Cake convener Christine Beaton has a tip for fruitcake bakers at the New Zealand Agricultural Show, "you don't really cook a Christmas cake, you dry it out."
The sheep farmer from Leithfield in North Canterbury knows what she's talking about.
She learnt about the dark arts of making Christmas cakes from her great-grandmother.
"I still use her old crockery bowl but it's got some cracks in it now, so one day it's going to disintegrate."
Christine has brought the Christmas Cake Competition back into the heart of the Christchurch show, after it was absent for a few years.
"The people that had done it had done their dash and I've got a passion for cooking so I thought, let's give it a go and see if we can start it again."
She's had a great response from home bakers with entries arriving from as far afield as Western Australia.
"I've got a cake in competition too, but mine is the lightest cake, so everybody has their own taste."
All the cakes are cut in half for judging.
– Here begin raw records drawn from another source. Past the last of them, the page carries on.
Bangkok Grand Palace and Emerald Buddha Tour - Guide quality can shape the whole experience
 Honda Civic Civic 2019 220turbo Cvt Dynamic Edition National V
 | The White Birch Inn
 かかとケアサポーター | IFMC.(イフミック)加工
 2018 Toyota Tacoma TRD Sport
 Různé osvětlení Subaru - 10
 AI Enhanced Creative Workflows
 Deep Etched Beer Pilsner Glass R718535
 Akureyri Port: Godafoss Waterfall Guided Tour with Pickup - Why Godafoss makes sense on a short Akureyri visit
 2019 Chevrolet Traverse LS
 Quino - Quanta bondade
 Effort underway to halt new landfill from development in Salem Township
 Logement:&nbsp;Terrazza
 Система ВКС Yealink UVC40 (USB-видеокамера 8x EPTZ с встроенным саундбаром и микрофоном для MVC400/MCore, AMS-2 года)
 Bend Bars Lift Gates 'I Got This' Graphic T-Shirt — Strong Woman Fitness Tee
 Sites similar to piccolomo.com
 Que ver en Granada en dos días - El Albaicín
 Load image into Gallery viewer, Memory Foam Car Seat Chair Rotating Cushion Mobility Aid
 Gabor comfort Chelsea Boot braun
A ruler is used to ensure the cuts are made exactly through the centre.
"Because if you did go over to one side a wee bit and it was a bit underdone in the middle, they could miss that."
Christine says the judges, former show president Richard Parkes and farmer and Waipara foodie Judith Hoban, were really impressed by Julie Tapp's winning entry.
"The taste was good, the top was nice and smooth and soft and there was no burnt or over-cooked fruit coming up through," she says.
So did the convener get to taste the fruit cakes after the judging was done?
"I did, I cleaned up the crumbs after every cake was judged, so I do not want another piece of Christmas cake for sometime!" Christine admits.